Zirvede, “İsrail’in, 10 yardım gönüllüsünü öldürülmesini neyle açıkladığının” sorulması üzerine Cumhurbaşkanı Gül, herhangi bir savunmasının söz konusu olmadığını, bunun teknik olarak mümkün olmayan bir husus olduğunu dile getirdi.

Cumhurbaşkanı Gül, “İsrail’in, kurbanların ailelerine tazminat vermesi konusunda bir davanın söz konusu olup olmadığını” soran bir basın mensubuna, “Gerek uluslararası hukuk çerçevesinde gerek ikili çerçevede olsun, gerekli tedbirlerin hepsi alınacaktır. Bir İngilizce tabir vardır; ‘Action always louder than words’ (Eylemin sesi her zaman kelimelerden yüksek çıkar) Bu çerçeve içerisinde her şey yapılacaktır. Bu aslında İsrail’in kendi kendini nasıl izole ettiğinin de göstergesidir. 22 ülke içerisinde, 21’i kendisini nasıl izole ediyor veya nasıl izole ettiriyor çok açık göstergedir bu. Bu, Türkiye’ye karşı yaptığı hatanın nasıl büyük bir hata olduğunu gösteriyor ve bunun acısını her zaman hissedecektir. Ama İngilizce tabirle dediğim gibi kelimeler değil, uygulamalar bunu gösterecektir” dedi.

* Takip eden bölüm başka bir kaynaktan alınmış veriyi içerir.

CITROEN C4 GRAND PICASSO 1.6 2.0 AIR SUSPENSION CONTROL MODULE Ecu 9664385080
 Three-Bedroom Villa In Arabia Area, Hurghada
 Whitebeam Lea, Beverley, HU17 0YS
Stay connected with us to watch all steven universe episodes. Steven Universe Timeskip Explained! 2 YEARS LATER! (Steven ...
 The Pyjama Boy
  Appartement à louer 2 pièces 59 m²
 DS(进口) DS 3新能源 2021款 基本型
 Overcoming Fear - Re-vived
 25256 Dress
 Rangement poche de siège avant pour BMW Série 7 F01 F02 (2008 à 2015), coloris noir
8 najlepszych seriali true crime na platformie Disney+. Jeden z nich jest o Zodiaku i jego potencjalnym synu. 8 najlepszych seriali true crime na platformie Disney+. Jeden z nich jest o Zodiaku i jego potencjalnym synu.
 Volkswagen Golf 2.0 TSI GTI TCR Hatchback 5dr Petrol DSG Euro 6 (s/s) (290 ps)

“Anayasa Mahkemesinin, Anayasa’nın bazı maddelerinde değişiklik yapılması hakkındaki kanunun iptaline ilişkin davayı şekil yönünden incelemesine karar vermesi’’ konusundaki görüşlerine ilişkin soruya da Cumhurbaşkanı Gül, Anayasa Mahkemesinin kararlarıyla ilgili şu anda herhangi bir yorum yapmanın doğru olmadığını belirterek, “Anayasa Mahkemesi’nin kararını beğeniriz ya da beğenmeyiz ama hukuk kuralları çerçevesinde gereği neyse o yapılır” dedi.

“KİMSE İSRAİL’İN TÜRK GEMİSİNE SALDIRISINI İÇ SİYASET MALZEMESİ YAPMASIN”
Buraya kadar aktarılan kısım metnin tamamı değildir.